This year hasn't been a great one for value stocks, nor has it been a great one for small cap growth stocks. But, mid caps and large caps from the growth side of the table — thanks to a ton of bullishness from the FAANG stocks — have led the way. It looks like the tide is turning for all of those arenas though. That is to say, yesterday's laggards are starting to lead, and yesterday's leaders are starting to lag… with "yesterday" meaning since the beginning of the year.

It's not a complicated idea to embrace. Investors tend to seek out certain hot spots, and they'll forego picks from certain slivers of the market (or even sell their existing holdings) to gain exposure to those hottest picks. Nothing lasts forever though, and we're now seeing hints that investors are starting to migrate out of the recent winners and looking to go bargain shopping and redirect that money into this year's more disappointing performers. Those disappointments are large cap and mid cap value names, and small cap value names in particular.

How do we know? Just be  review of a simple visualization.

The performance-comparison chart below tells the story. After soaring in early November, small cap value names have seen nothing but profit-taking since early January. Conversely, large cap growth names have led the way on the heels of the aforementioned large-cap tech rally. Take a closer look at the chart, however. Since early June, large cap and mid cap growth stocks have peeled back, while all three value groups have woken up and only in the past week have tiptoed into new multi-week high territory. They're gaining at the expense of the previous winners.

070317-style-cap-ytd [1]

Wedged in the middle of all of these performances is small cap growth, which is still going strong at a sustainable pace. It's a group that validates the idea that slow and steady wins the race.
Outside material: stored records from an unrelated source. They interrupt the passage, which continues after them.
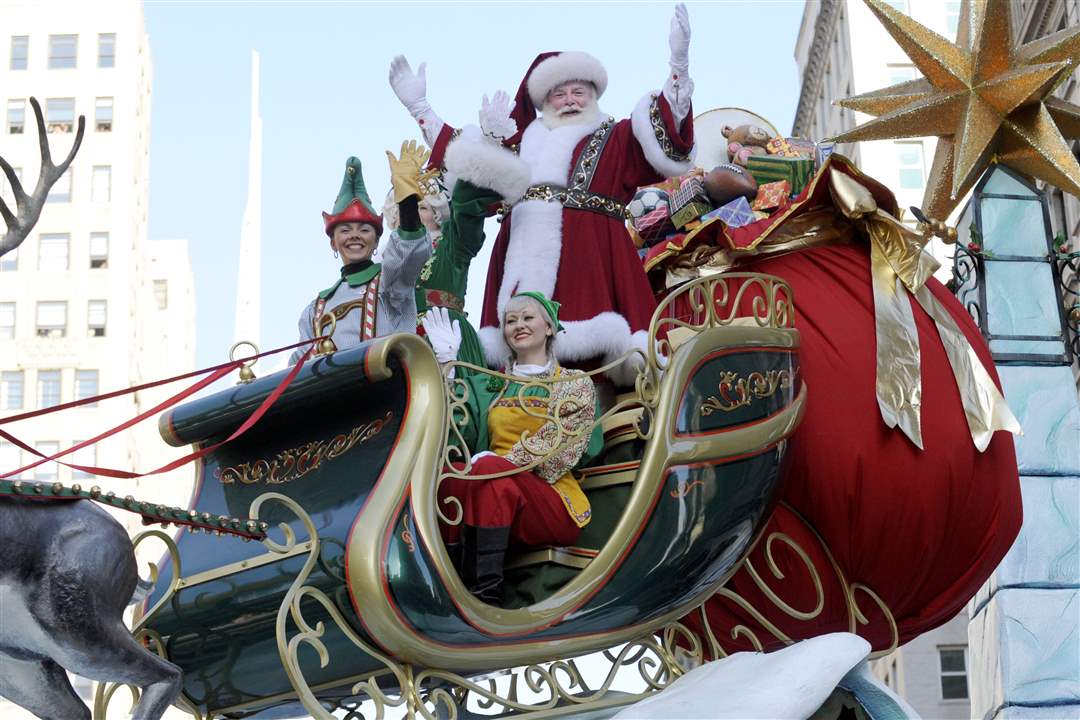 Santa-Claus-waves-to-the-crowd-1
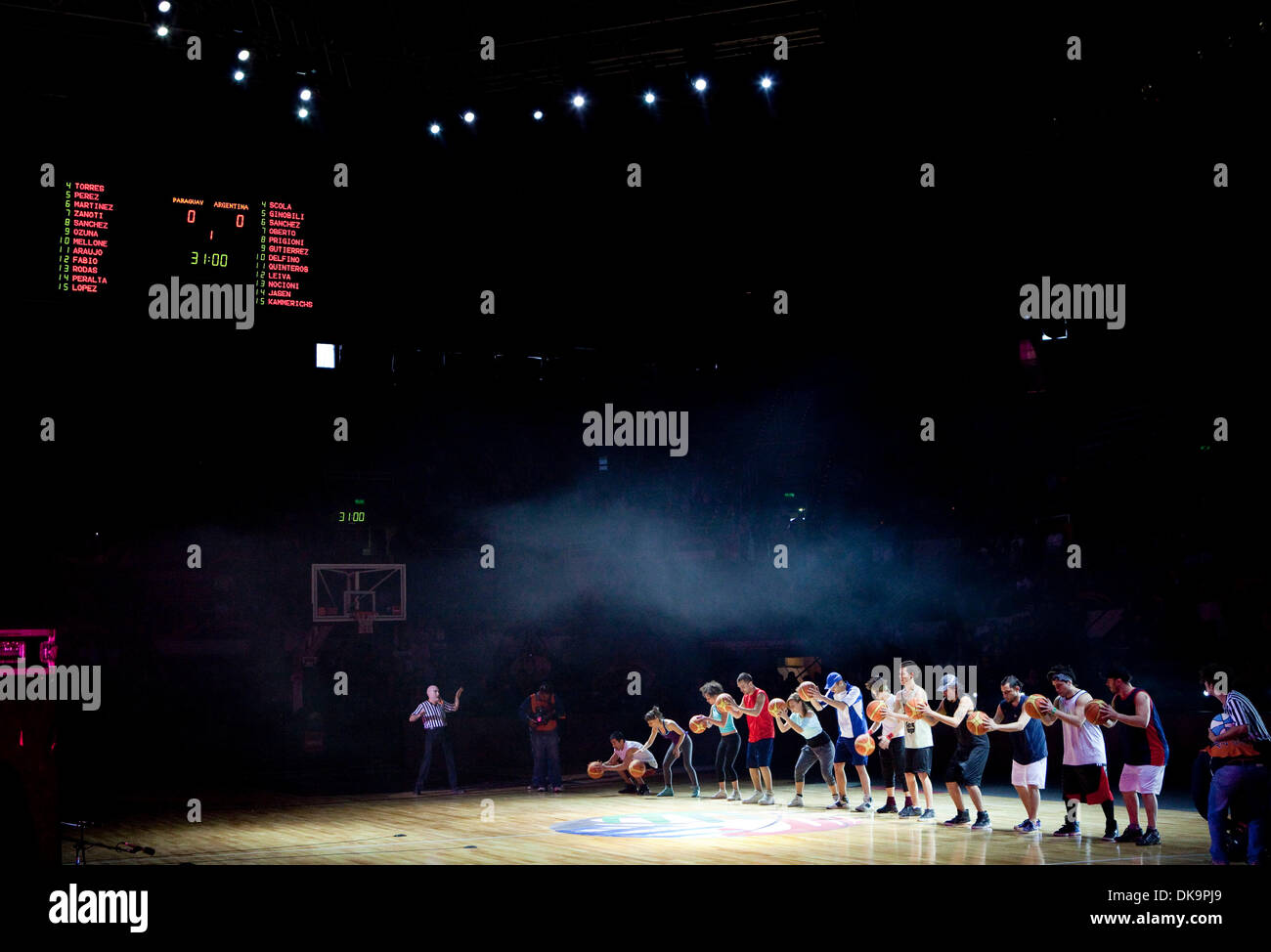 Aug 30, 2011 - Mar del Plata, Buenos Aires, Argentine - Interprètes lors de la cérémonie d'ouverture du championnat de basket-ball FIBA Amériques. (Crédit Image : © Ryan Noble/ZUMApress.com) Banque D'Images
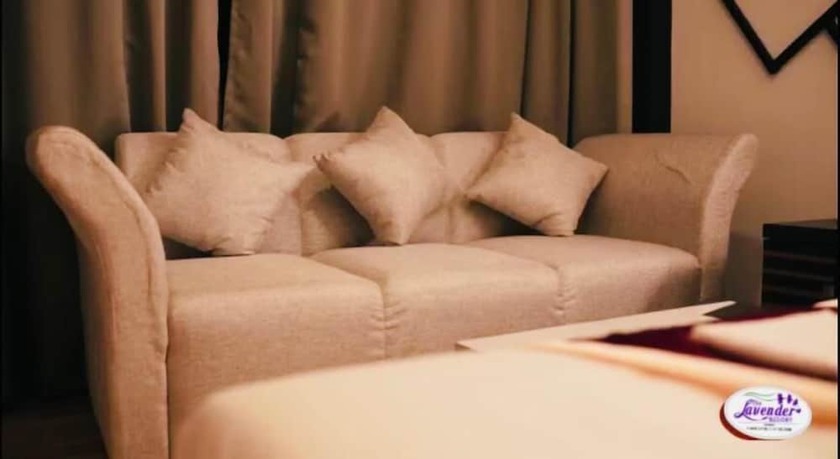 Imagen de la habitación del Hotel The Lavender Resort. Foto 13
Underscoring the "slow and steady" theory is a zoomed out look at the same six slivers of the market, going back to the beginning of July of 2016. In this timeframe small cap growth is still outperforming all other groups. It's also in this time that the recent leadership — until June — of large cap and mid cap growth stocks made sense. Until December, they were notable laggards. This longer-term timeframe calls into question just how much we should expect large and mid cap growth names to peel back. Everything else was oddly overbought by December, so the year-to-date weakness can't be too much of a surprise. Indeed, from this perspective one could argue we should already be buying large cap growth names again, and avoiding value.

070317-style-cap-year [2]

But, that's not the assessment here. This time around, as usual, we should respond to what the market is doing right now, and trade that way until we have clear evidence those trends aren't panning out. Otherwise we risk waiting too long to make a move.